In the early 19th century Bishop Juan Cruz Ruiz de Cabañas commissioned the architect Manuel Tolsá to design a haven for orphans and others in need.  The house of Mercy that opened in 1810 was a grand embrace in the Neoclassical style, with 23 patios connected by 78 corridors - an orderly, graceful world invaded by military chaos in the War for Independence and again during the Mexican Revolution but mostly a refuge, home to as many as 3,000 orphans at a time.


In 1937 José Clemente Orozco, native son of Jalisco state, was invited by the local government to decorate the building's main chapel.  With the theme of "The Conquest of Mexico" he painted 53 murals in two years, filling the space with the power  of people caught up in historical and moral struggles, and culminating in the dome with "The Man in Flames," a depiction of man lit and consumed by ideals.  Orozco's artistic and technical achievement became known as "Mexico's Sistine Chapel."  In 1983, after the orphanage had moved, the building became and Instituto Cultural Cabanas, where the experience of the murals is enhanced by undreds of Orozco's preparatory drawings; in 1997 it became a World Heritage Site.

View more of Orozco's murals at the Palacio de Gobierno, where the artist painted a searing image of Independence hero Miguel Hidalgo and flanked it with a caricature of government called "Political Circus" and a clergy-army alliance dubbed "The Brutal Forces."  In the city's La Scala-inspired Teatro Degollado, opened in 1866, the mural depiction of a Dante canto, created by Jacobo Gálvez and Gerardo Suárez, is only upstaged in vividness by weekly performances of the Ballet Folclórico.

You can trace the local arts of pottery and glass in the Museo Regional de la Cerámica in suburban Tlaquepaque.  The neighboring village of Tonalá becomes a showcase of these, as well as wrought iron and wood carving, at its Thursday market.
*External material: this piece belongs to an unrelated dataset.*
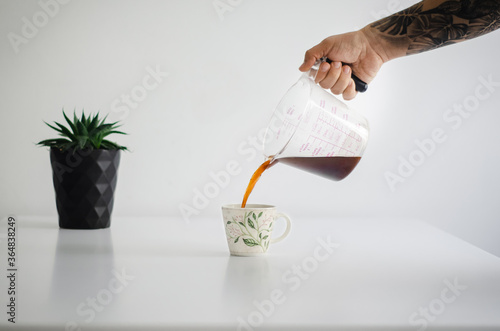 Mano de hombre vertiendo café recién hecho en una taza sobre una mesa blanca, en segundo plano una maseta negra con una planta. Proceso de preparación de café colombiano.  photo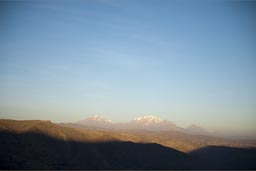 We drive high plateau in Andes and sun sets, in distance Chachani and Misti, volcanoes, Peru.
Travel to Tequila, 35 miles northwest, and you'll enter the landscape of blue agave named a World Heritage Site in 2006.  The juice of the cactuslike plant was fermented to make pulque for thousands of years before the Spanish added the distillation the yields tequila.  At Tequila Cuervo you'll see the legacy painted large in Gabriel Flores' extraordinary mural, "Mythology and History of Tequila."